> **Try it**
Skip the pictures. Return exactly the lines from the one containing "Hi friends, welcome" through the end of the entries below.
++++ Input ++++
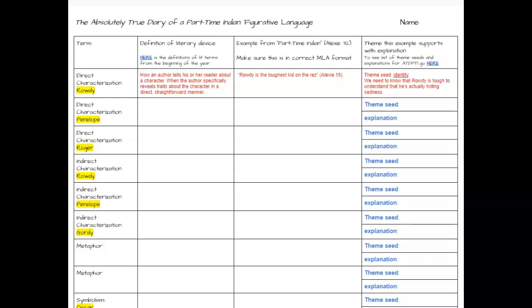All right, today you're going to be going on a scavenger hunt through 'The Absolutely True Diary of a Part-Time Indian,' locating some examples of figurative language.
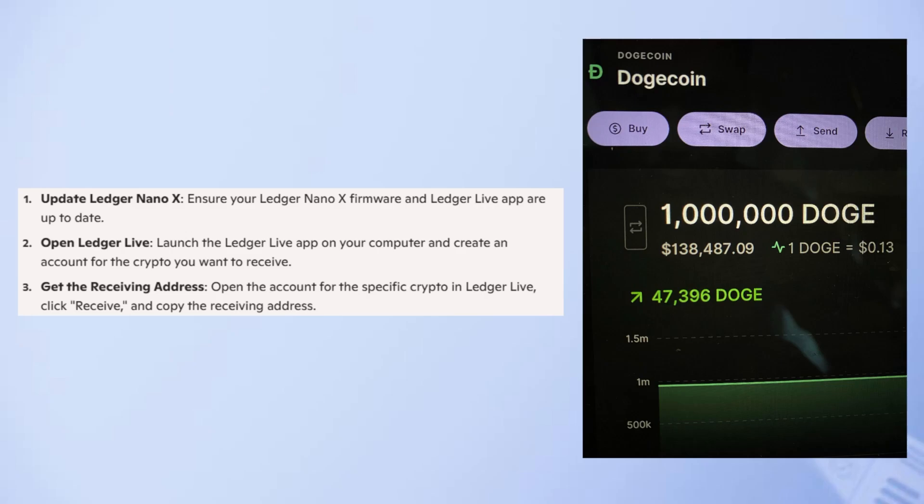First, ensure your Ledger Nano X firmware and Ledger Live app are up to date. Then launch the Ledger Live app on your computer and create an account for the crypto you want to receive. Next, open the account for the specific crypto in Ledger Live, click Receive, and copy the receiving address.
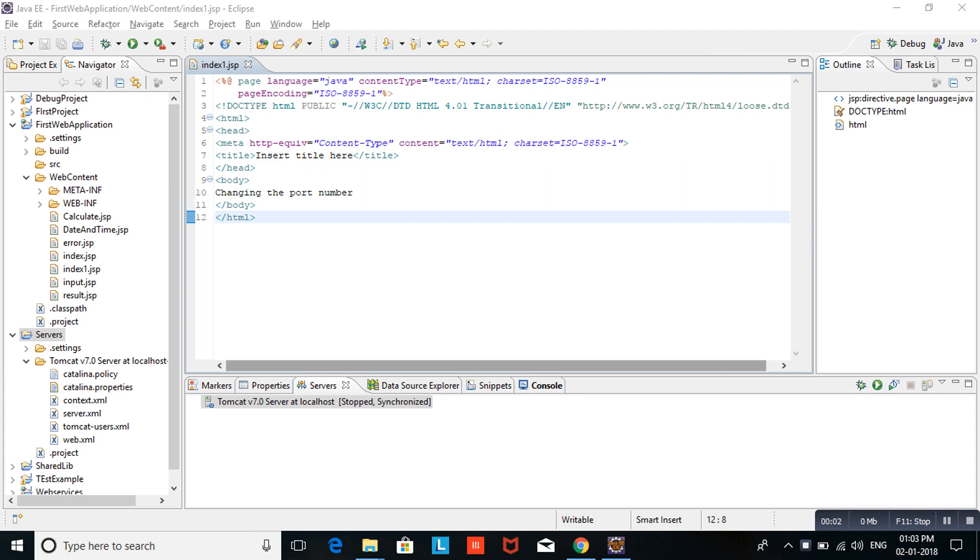Hi friends, welcome to my channel. In this video, we are going to discuss how to change Tomcat server port number. As you are aware, Tomcat is open source, so we can change the port number. Why do we need to change Tomcat port number?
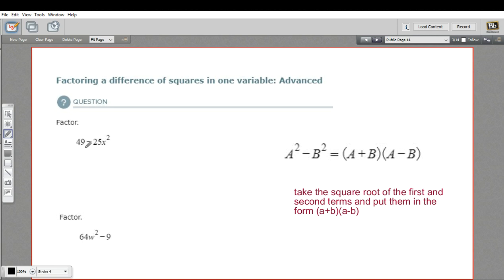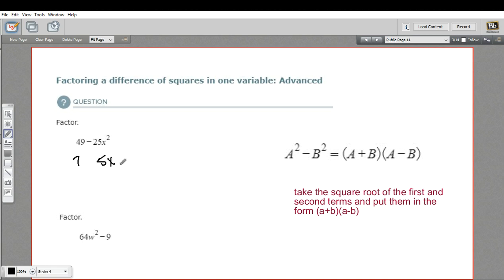49 — well, the square root of that is 7. And 25x squared is a little bit more complicated, but we can take the square root of both parts and put them together. The square root of 25 is 5, and the square root of x squared is x. So 5x is the square root of 25x squared.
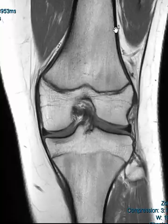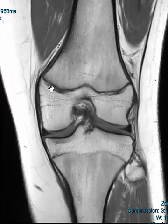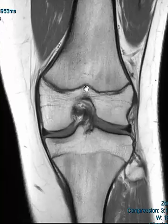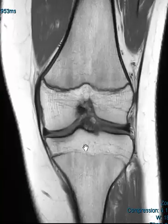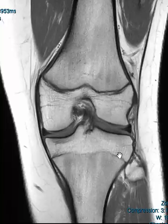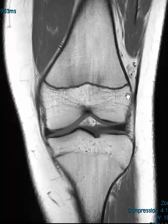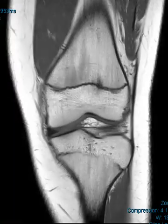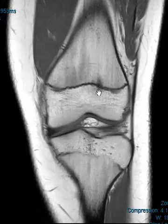This is a coronal T1-weighted sequence. We see the femur coming down and the femoral growth plate coming across here — it's not fused yet. We note down here that the tibia does have fusion of the physis, so this is already fused. We know this is going to happen soon, and as we roll forward we do see an area of low signal right here.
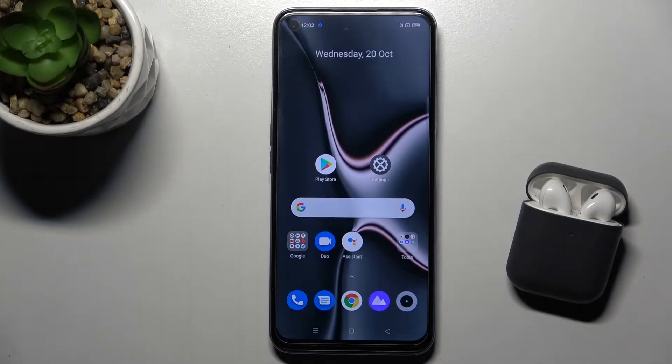Welcome. Today we are on the Realme 8i and I'll show you how to create a home screen folder on this device.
++++
> **Answer to the problem**
Hi friends, welcome to my channel. In this video, we are going to discuss how to change Tomcat server port number. As you are aware, Tomcat is open source, so we can change the port number. Why do we need to change Tomcat port number?
49 — well, the square root of that is 7. And 25x squared is a little bit more complicated, but we can take the square root of both parts and put them together. The square root of 25 is 5, and the square root of x squared is x. So 5x is the square root of 25x squared.
This is a coronal T1-weighted sequence. We see the femur coming down and the femoral growth plate coming across here — it's not fused yet. We note down here that the tibia does have fusion of the physis, so this is already fused. We know this is going to happen soon, and as we roll forward we do see an area of low signal right here.
Welcome. Today we are on the Realme 8i and I'll show you how to create a home screen folder on this device.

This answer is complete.